#### HOW TO COMPLETE THIS TASK:
Pick every line out of the entries below that holds the string "property", and report them.

#### INPUT:
◆ ◆ ◆

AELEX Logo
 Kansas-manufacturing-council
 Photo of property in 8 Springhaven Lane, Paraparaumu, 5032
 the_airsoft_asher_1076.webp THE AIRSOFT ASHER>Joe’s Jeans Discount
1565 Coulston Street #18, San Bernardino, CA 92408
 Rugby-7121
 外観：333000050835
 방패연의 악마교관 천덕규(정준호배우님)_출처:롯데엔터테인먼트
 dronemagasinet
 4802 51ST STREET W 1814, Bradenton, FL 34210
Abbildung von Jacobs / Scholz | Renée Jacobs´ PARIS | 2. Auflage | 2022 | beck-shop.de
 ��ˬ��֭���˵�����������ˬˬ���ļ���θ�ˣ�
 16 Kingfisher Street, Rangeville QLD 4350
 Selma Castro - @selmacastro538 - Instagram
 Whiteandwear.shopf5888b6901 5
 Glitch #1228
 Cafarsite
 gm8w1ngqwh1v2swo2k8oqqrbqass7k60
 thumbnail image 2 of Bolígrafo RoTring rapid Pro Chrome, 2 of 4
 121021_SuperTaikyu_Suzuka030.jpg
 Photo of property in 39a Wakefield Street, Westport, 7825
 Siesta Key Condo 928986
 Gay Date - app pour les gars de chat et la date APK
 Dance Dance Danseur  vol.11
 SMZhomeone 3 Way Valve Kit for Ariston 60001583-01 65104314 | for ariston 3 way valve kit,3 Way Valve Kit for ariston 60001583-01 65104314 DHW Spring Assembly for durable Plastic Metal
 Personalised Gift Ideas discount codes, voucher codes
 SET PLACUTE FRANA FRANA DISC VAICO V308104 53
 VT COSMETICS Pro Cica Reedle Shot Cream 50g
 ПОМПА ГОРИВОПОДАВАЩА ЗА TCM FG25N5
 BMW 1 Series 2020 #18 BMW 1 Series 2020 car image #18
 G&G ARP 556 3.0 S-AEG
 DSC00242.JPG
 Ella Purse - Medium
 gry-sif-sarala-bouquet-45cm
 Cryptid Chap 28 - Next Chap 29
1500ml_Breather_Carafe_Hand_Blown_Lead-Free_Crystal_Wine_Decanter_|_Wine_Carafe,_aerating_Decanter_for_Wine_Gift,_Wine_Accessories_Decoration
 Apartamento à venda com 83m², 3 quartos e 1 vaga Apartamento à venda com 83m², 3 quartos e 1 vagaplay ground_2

◆ ◆ ◆

#### EXERCISE SOLUTION:
 Photo of property in 8 Springhaven Lane, Paraparaumu, 5032
 Photo of property in 39a Wakefield Street, Westport, 7825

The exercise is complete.